Incoming Ontario English Catholic Teachers Association president Barb Dobrowolski, who began her teaching career in eastern Ontario, will push for student and educator safety and resources during and after the pandemic.
Incoming Ontario English Catholic Teachers Association president Barb Dobrowolski, who began her teaching career in eastern Ontario, will push for student and educator safety and resources during and after the pandemic.

New teachers union president ready for challenge

Stephen Jeffery
EAP
The new president of the union representing Ontario’s English Catholic teachers was inspired to help advocate for her colleagues while working at elementary schools in Russell and Rockland.  

Barb Dobrowolski was elected president of the Ontario English Catholic Teachers’ Association (OECTA) at the 2021 annual general meeting. She is due to begin her two-year appointment on July 1, after holding other roles at the association such as vice-president on the provincial executive and president of the Eastern Ontario local unit. 

Dobrowolski began her career in 1992 at Mother Teresa Elementary School in Russell. Her time working at that school, as well as St Patrick Catholic School in Rockland, inspired her to advocate for colleagues.  

“I really enjoyed the community, and I loved my colleagues,” she said. “I looked around me and saw incredibly dedicated, hard-working teachers who often didn’t think of their own needs and put everyone else needs first. I felt that they needed good advocacy.” 

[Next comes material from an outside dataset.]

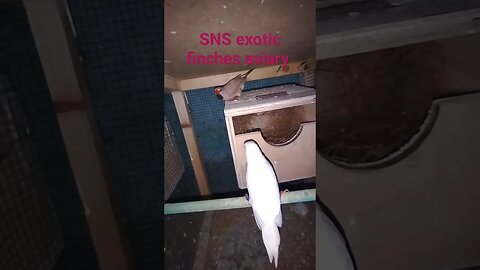 Shaftail Breeding sound #bird #lovebird #gouldian #finch #finches #animal #grassfinch #shafttail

Dobrowolski acknowledged her term as president would be challenging, as COVID-19 continued to affect students, teachers and parents. She said her priorities included ensuring teachers and students were protected and listened to, both during and after the pandemic. 

“We’re going to have a lot of students who are struggling, because they’ve missed a lot of school,” she said. “When they get back, they’re going to be way behind, they’re going to be uncomfortable, and we’re going to have to support them. When things do get back to normal, we’re going to have to focus on everyone’s mental health, and ensure school is a place where students feel safe.” 

The welfare of teachers during the pandemic remained a concern. Dobrowolski said teachers had been asked to do “the impossible” by simultaneously educating students in-person and remotely. She said the association would push for educators to be prioritized in the vaccine rollout. 

“Teachers are at a breaking point,” she said. “When I talk to some of my colleagues, they talk about teachers regularly breaking down, coming in and confiding that they’re really at rope’s end right now.” 

Dobrowolski asked the wider community for support over the next two years, and said she hoped to effectively advocate for a strong public education system. “It’s world class now, and we want to keep it that way,” she said. “I also know I have my work cut out for me over the next couple of years.”